_Material provided_:

::::

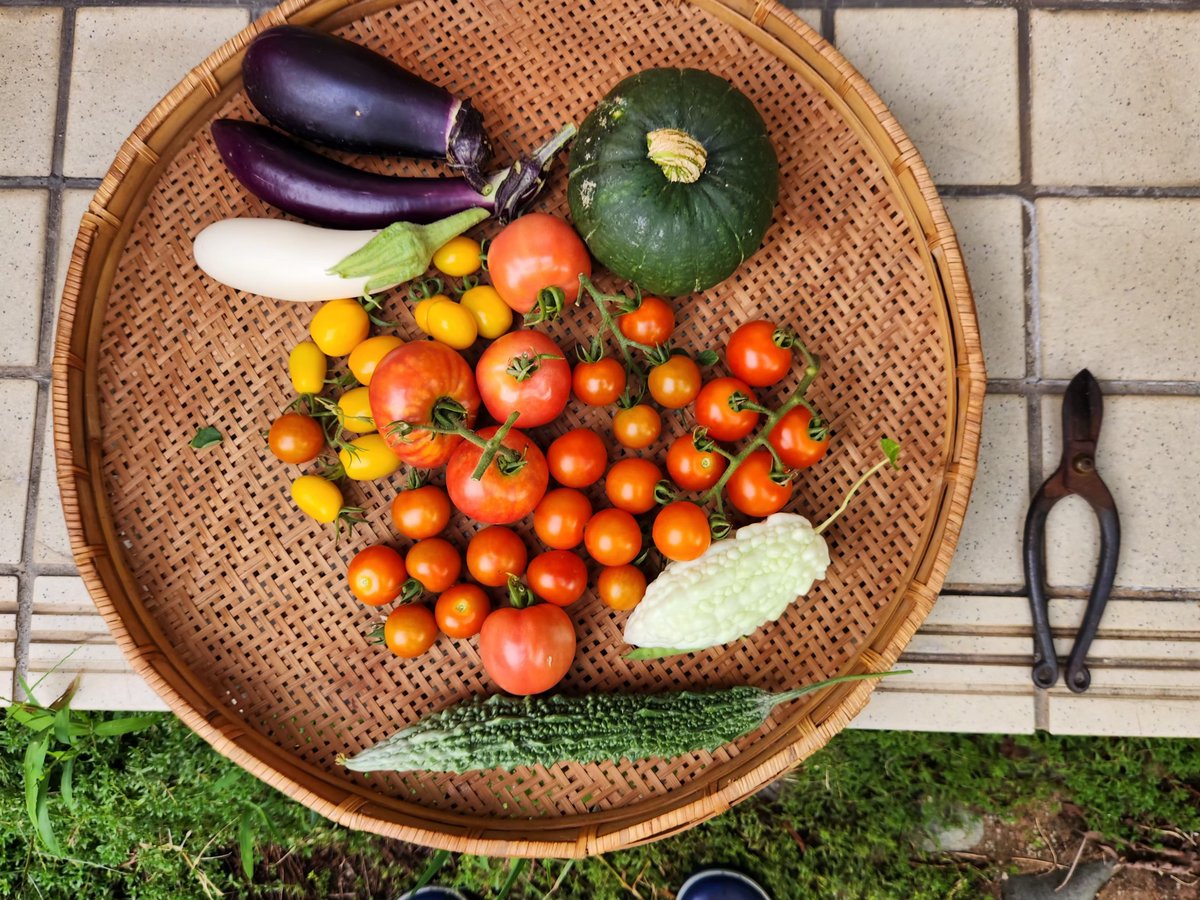 tutiinoti's tweet photo. 今日の収穫～😊
トマト🍅大小、赤黄
茄子🍆と
白茄子
ゴーヤ
白ゴーヤ
坊っちゃんカボチャ～😊 https://t.co/ScdQigVm4E
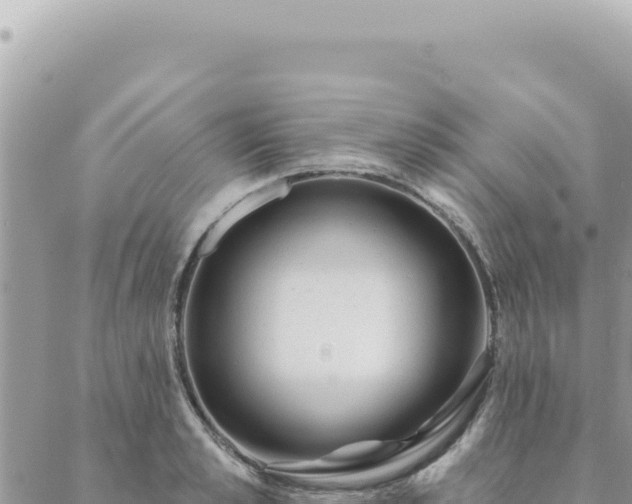 X0000088610989200706011223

::::

_Exercise description_:
Leaving out only the pictures, reproduce the listing exactly.

_Finished exercise_:
 tutiinoti's tweet photo. 今日の収穫～😊
トマト🍅大小、赤黄
茄子🍆と
白茄子
ゴーヤ
白ゴーヤ
坊っちゃんカボチャ～😊 https://t.co/ScdQigVm4E
 X0000088610989200706011223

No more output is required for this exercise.